Don’t be in a rush, he countered. He sees the same “relatively vigorous” pickup in underlying inflation conditions as they do. But they are the only ones who can. Even though the ECB’s official projections show only 1.7% inflation this year and next, this, Draghi testified, apparently conceals the major economic improvements in Europe’s overall condition.

In other words, inflation pressures are so vigorous you can’t see them. That’s why the ECB has to go at a determined pace, taking deliberate and careful action so as to not disturb all the vigor. Oz is really the Great and Powerful. There are no curtains to pull back.

The good folks at Eurostat probably should have sent the ECB head a memo before his Belgian appearance. Or maybe they did and that’s why Draghi went with this new dictionary definition, where vigorous applies to the invisible. For yet another month, the inflation indices show nothing. The headline rate, on only oil prices, was barely 2% again in the flash reading for September 2018.

The “core” HICP index gained only 0.9%. Since the ECB started its QE program in March 2015, the core inflation rate has been above 1% in only seven out of thirty months. Only twice this year. 

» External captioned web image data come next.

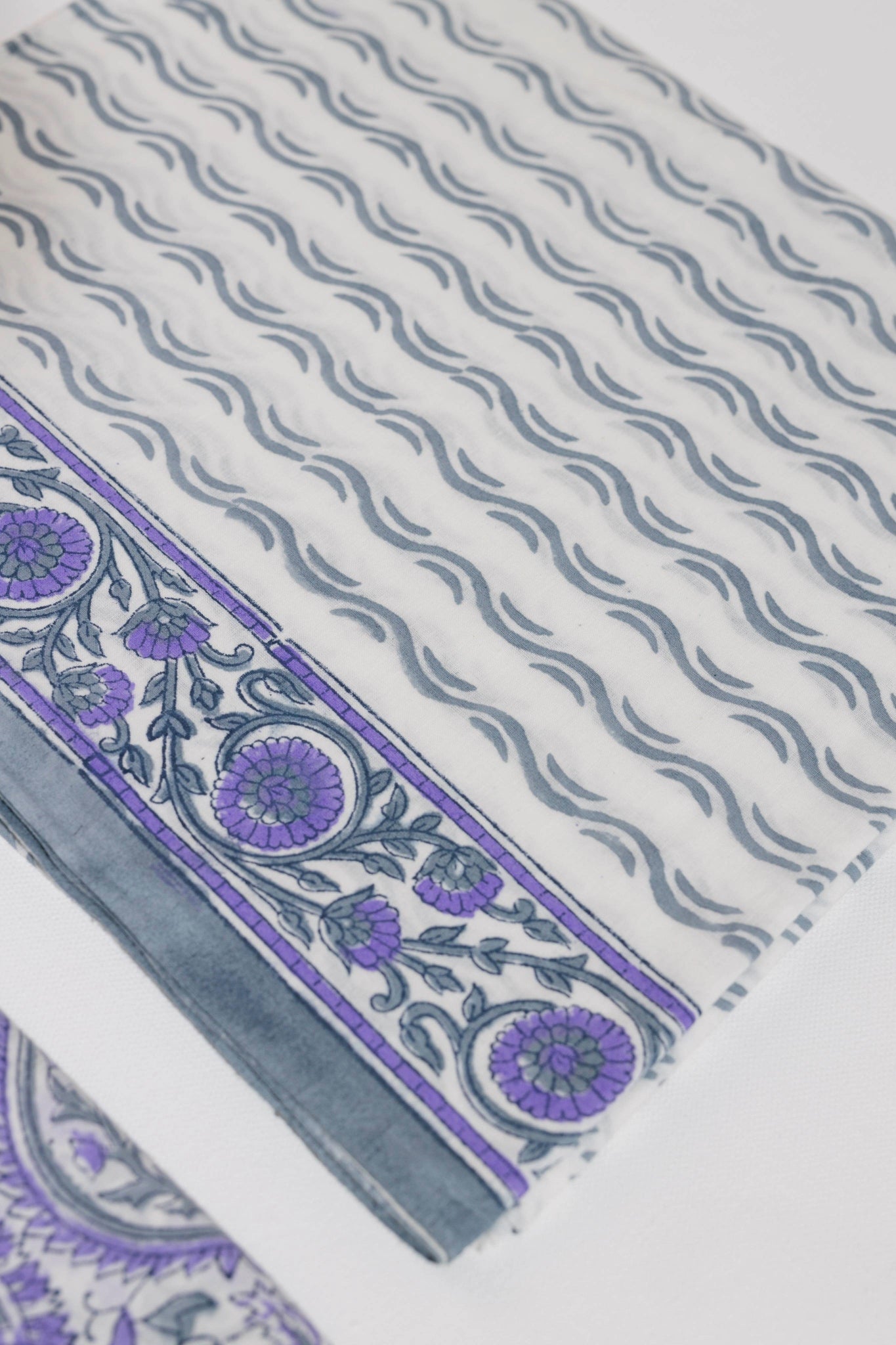 Pure Cotton Hand Block Printed 3 PC Suit with Kota Doria Dupatta - White/Lavender - Vastra Raag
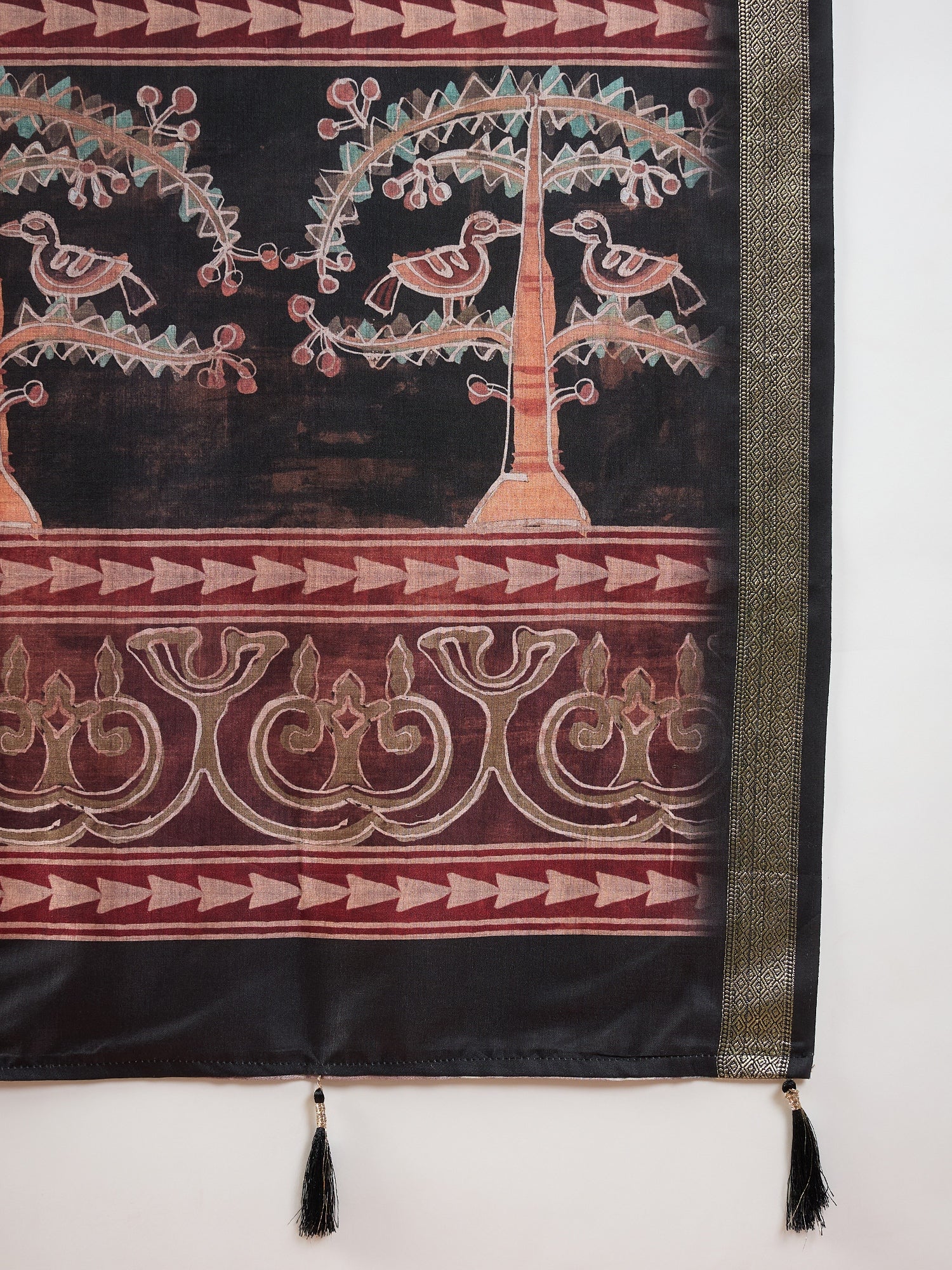 Black Rose Zari Border Saree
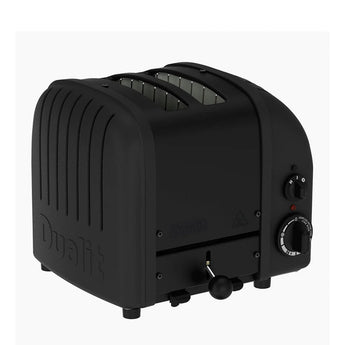 Dualit Classic 2-slice toaster in Stealth matt black on a pale grey background
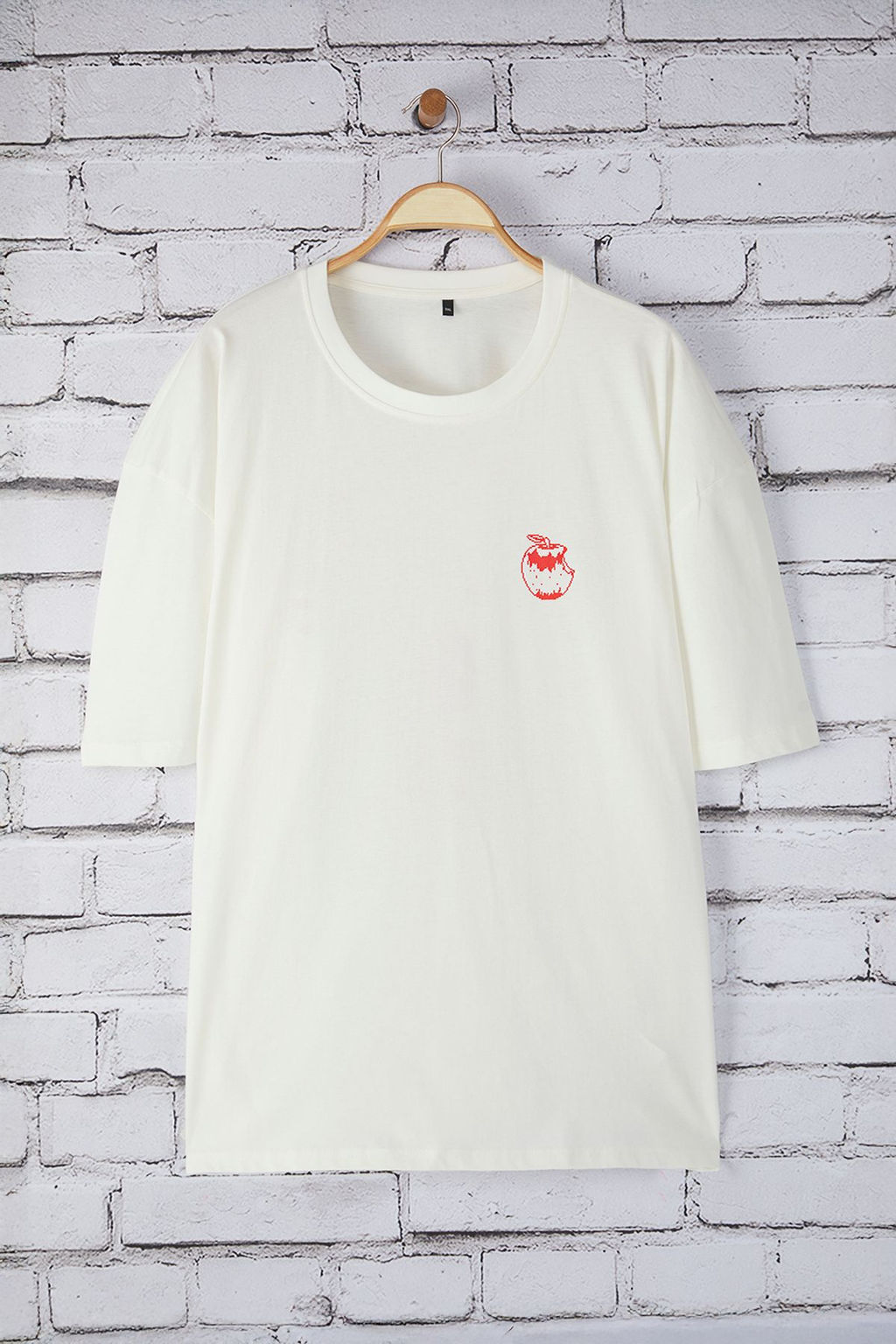 TRENDYOL MAN Ekru Buyuk Beden Oversize/Genis Kesim Meyve Bask?l? %100 Pamuk T-Shirt TMNSS25BF00040 - Trendyolmilla фото 3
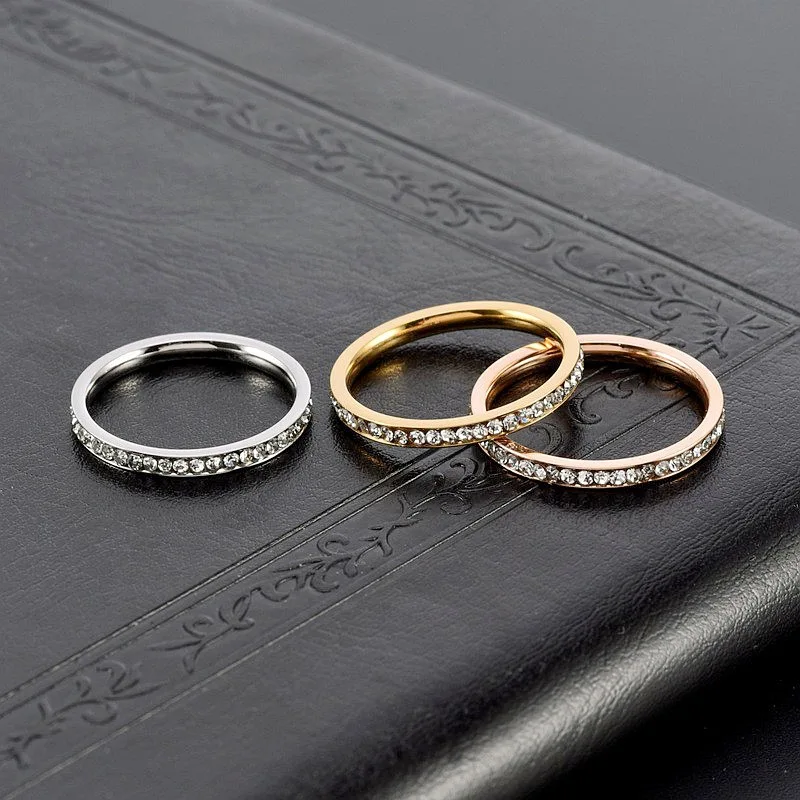 

2mm Iced Out Bling Ring Female Silver Plated Stainless Steel Cubic Zircon Wedding Engagement Rings for Women Jewelry Gift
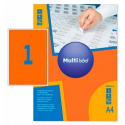 Self-adhesive color labels MultiLabel A4, orange fluoride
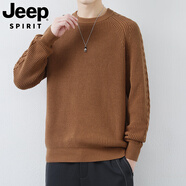 JEEP SPIRIT純棉毛衣男冬季寬松圓領(lǐng)針織衫軟糯純色感線(xiàn)衫加厚內搭線(xiàn)衣 駝色 M 120斤以?xún)?
                                         title=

Draghi and the current Chairman of the Federal Reserve Jerome Powell seem to be using the same speech writers, which might explain the broadening use of Yellen’s dictionary.

Underlying inflation is expected to increase further over the coming months as the tightening labor market is pushing up wage growth. Domestic price pressures are strengthening and broadening.

If I didn’t tell you that was Draghi on Monday you would be forgiven for thinking it was Powell on any other day. All these labor shortages and wage gains are happening everywhere, we just can’t see them anywhere. Vigorous and transitory. They’ve redefined the very notion of recovery, why not everything else related to it.